┏━━
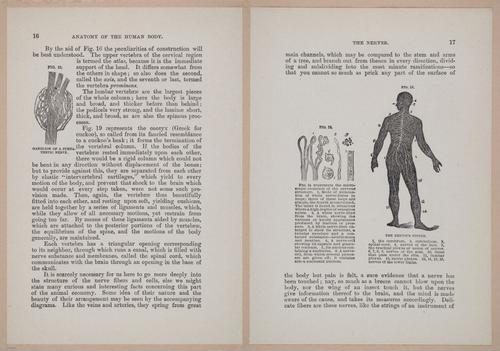 E319 - The Cottage Physician - i8930-8931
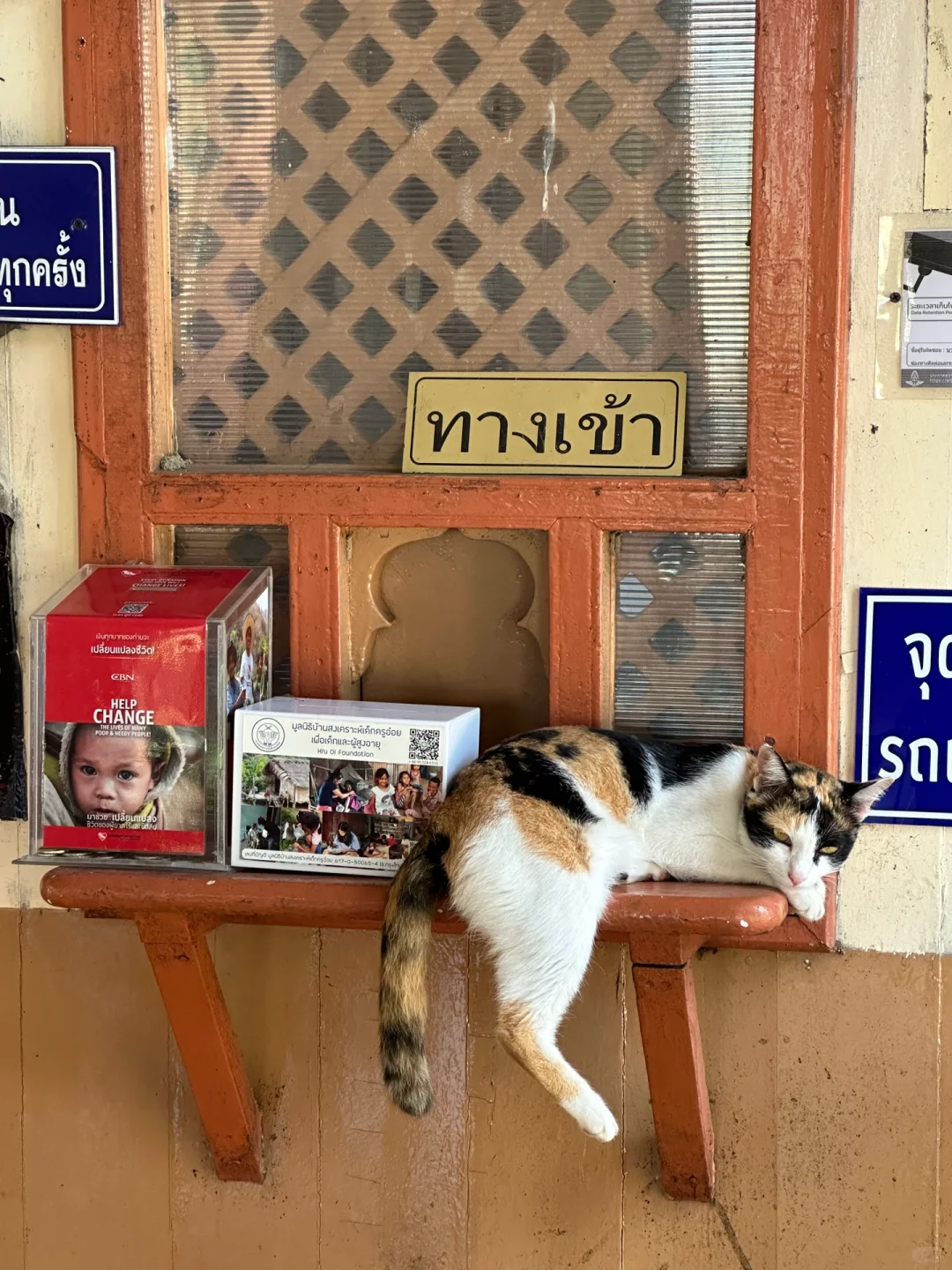 2025泰国旅行🇹🇭泰国旅行必备好物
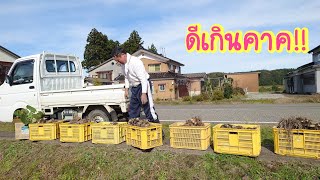 ขุดเผือก2แปลงได้แยอะขนาดนี้เลย! ลุงปลื้มสุดๆผลผลิตดีเกินคาค Good Harvest Taro Imo  [ English Sub]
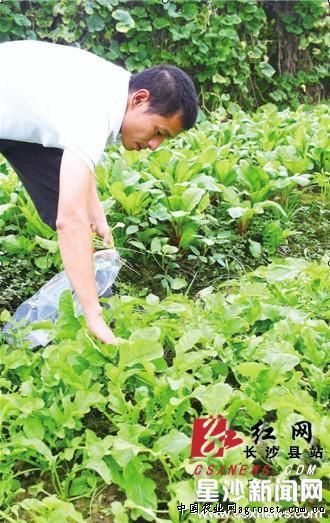 紫芦笋种植技术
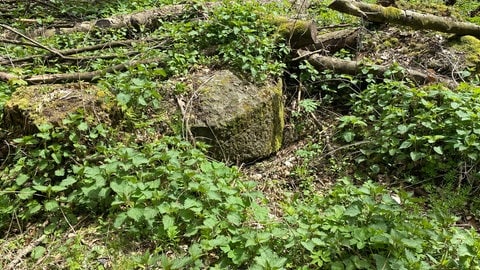 Der zweite Fund bei der Schatzsuche: Mitten im Wald liegt tatsächlich einer der Mühlsteine, die hier früher gewonnen wurden.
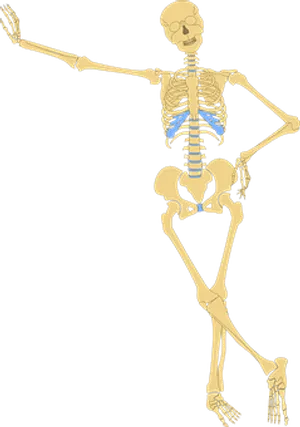 Human Skeleton Illustration PNG image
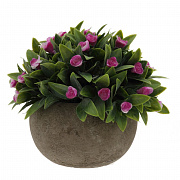 Цветочные композиции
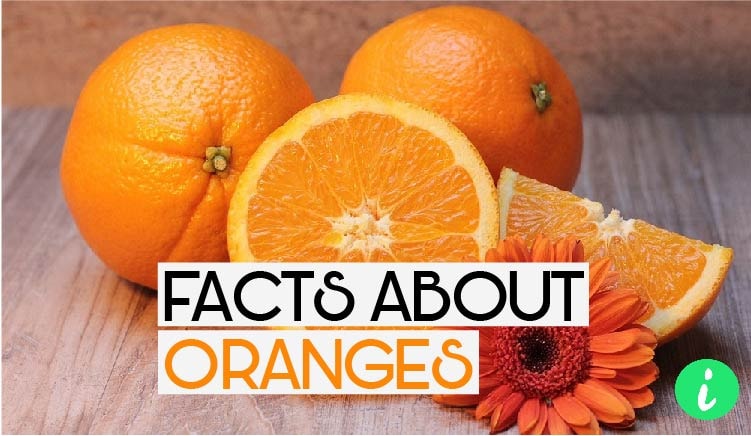 Oranges Facts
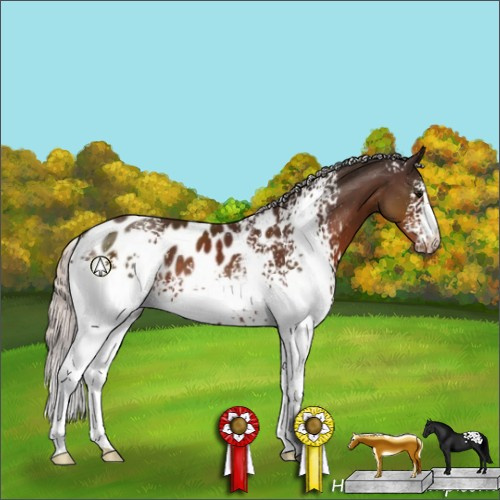 Horse Color:White Spotted Silver Brown Near Leopard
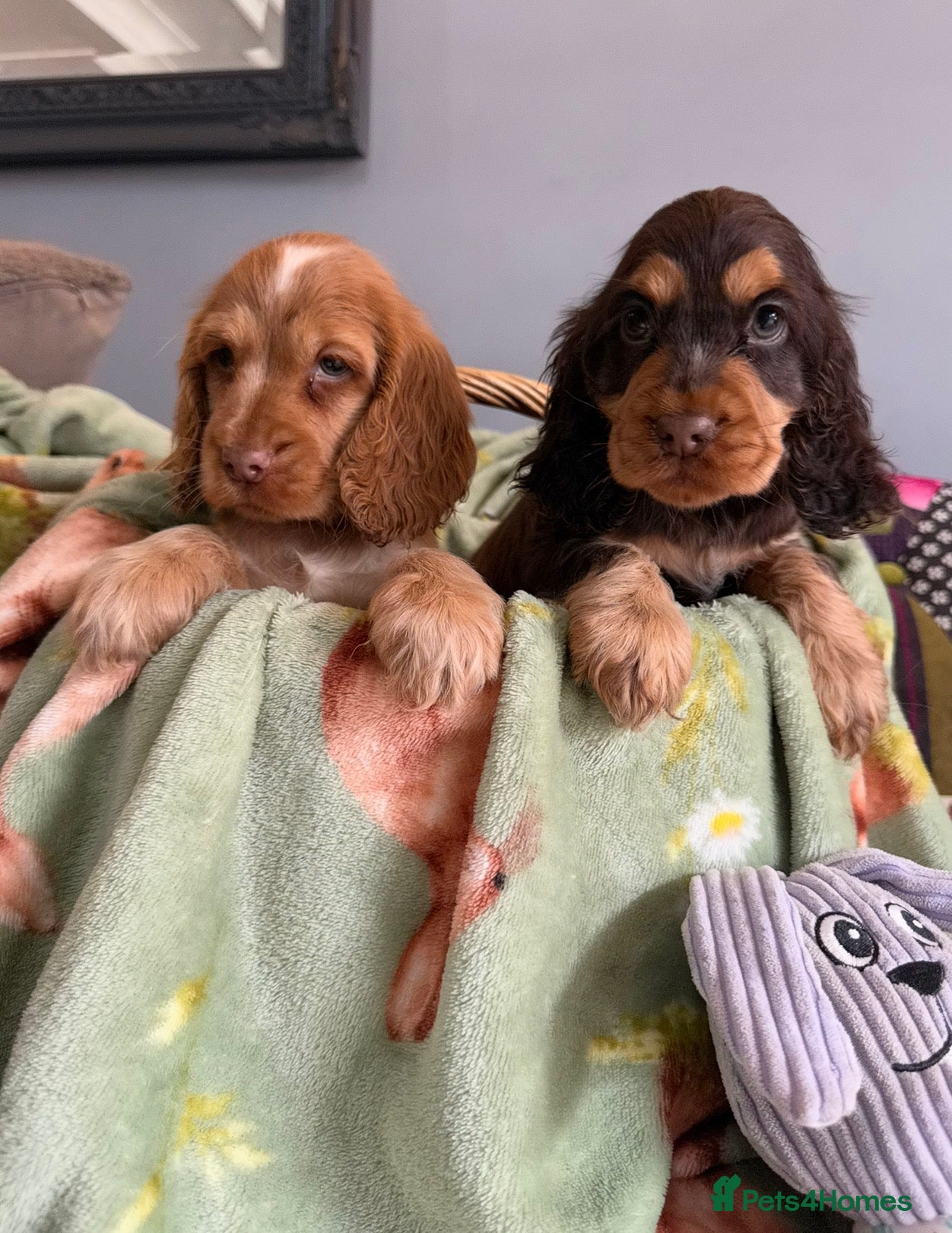 Cocker Spaniel dogs Quality show cocker spaniels (Ready now) - Advert 12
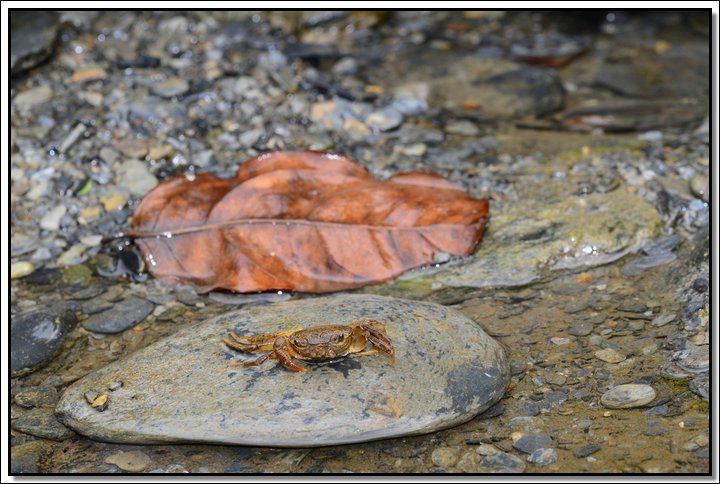DSC_8009.JPG
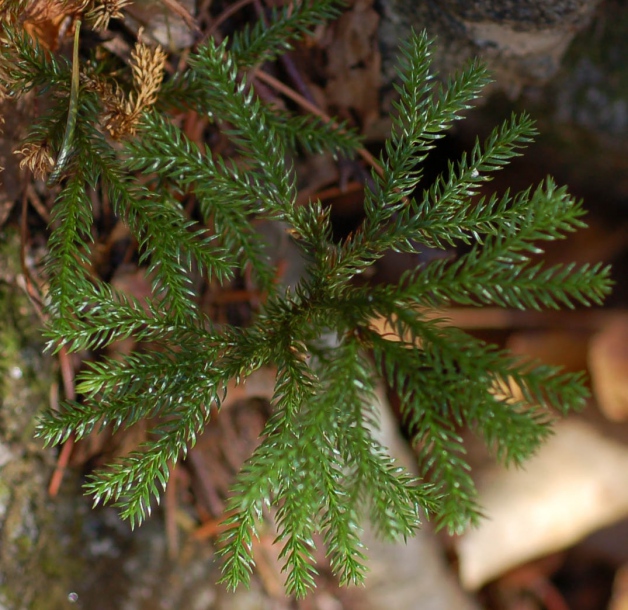 Image of Lycopodium obscurum specimen.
┗━━
* Exercise *
Leaving every picture out, return the lines from the one containing "Cocker Spaniel dogs" through the last line of the records exactly.

* Answer to the exercise *
 Cocker Spaniel dogs Quality show cocker spaniels (Ready now) - Advert 12
DSC_8009.JPG
 Image of Lycopodium obscurum specimen.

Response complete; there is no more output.